Western ranchers are restoring diverse, grassland ecosystem practices that can improve the land’s capacity to hold water—and help them hold onto more cattle.
CIVIL EATS, MAY 17, 2021
It’s calving season and all across the West ranchers are watching the sizes of their herds grow. It’s also the beginning of a new season on most ranches, but in the midst of a historic, persistent drought, a growing herd brings difficult questions.
As average temperatures climb and the water that flows through many of the major rivers and creeks across the west is slowing, the availability of forage—grass, legumes, and other edible pasture plants—has become less predictable. As a result, many ranchers face complex calculations: Do they sell off some of their cattle and cut a profit, but risk flooding the market and getting a low price? Or do they hold onto their herd and buy extra hay and forage, rent additional pasture, or risk overgrazing—and further drying out—the land?
There aren’t easy answers to this question, especially as climate change accelerates and the western United States enters its 22nd year of drought, long enough to be categorized as a mega-drought. This year, leaders in California have declared a state of emergency for most of the state and much of the West is in “exceptional drought,” a dangerous level of dryness linked to water emergencies, failed crops, and barren pastures, according to the U.S. Drought Monitor. And as the Colorado River slows and dry periods between rainstorms have become longer and less predictable, the situation is likely to get worse. Ranchers, who often depend on dry, steep, and marginal land that can’t support crop production, could be hit especially hard.
“To be honest, we don’t have any miracle answers at all,” Julie Sullivan, who runs a grass-fed beef ranch in the San Luis Valley of Colorado, said in an email. Yet Sullivan and ranchers like her have found ways to lower the stakes by adopting management practices that can improve the land’s capacity to hold water–and, therefore, hold onto more cattle.

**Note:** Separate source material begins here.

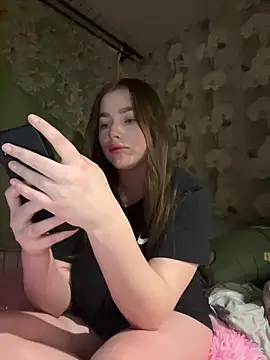 Snapshot of Milana_mil chatting on 4, 3, 2025 Milana mil online show from 4, 3, 2025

The best bet? Improving or restoring the diverse, grassland ecosystem native to the land, and grazing it just enough to grow year after year. This doesn’t guarantee a rancher will avoid selling off cattle, or needing disaster assistance through the U.S. Department of Agriculture (USDA). Yet, it does help create something like a buffer within the landscape so droughts and other natural disasters like wildfires are less threatening.
Managing to Avoid Bare Soil
“Every drop of moisture is even more precious than it used to be,” said Sullivan. “You want to do everything you can to make sure your ground is capable of absorbing water.” When the soil is healthy, full of organic matter and microbes, it will sop up water. The relationship between water and grasslands is cyclical: When more water is retained in the soil, it leads to healthier grasslands and healthier grasslands are able to build deeper, longer-lasting reserves of water.
Most of the water-conservation practices that Sullivan and her husband and business partner George Whitten employ on the San Juan Ranch are geared toward keeping the ground covered year-round. In the driest region of Colorado, their meadows—a complex mixture of native grasses, forbs, and legumes—always have something growing and alive.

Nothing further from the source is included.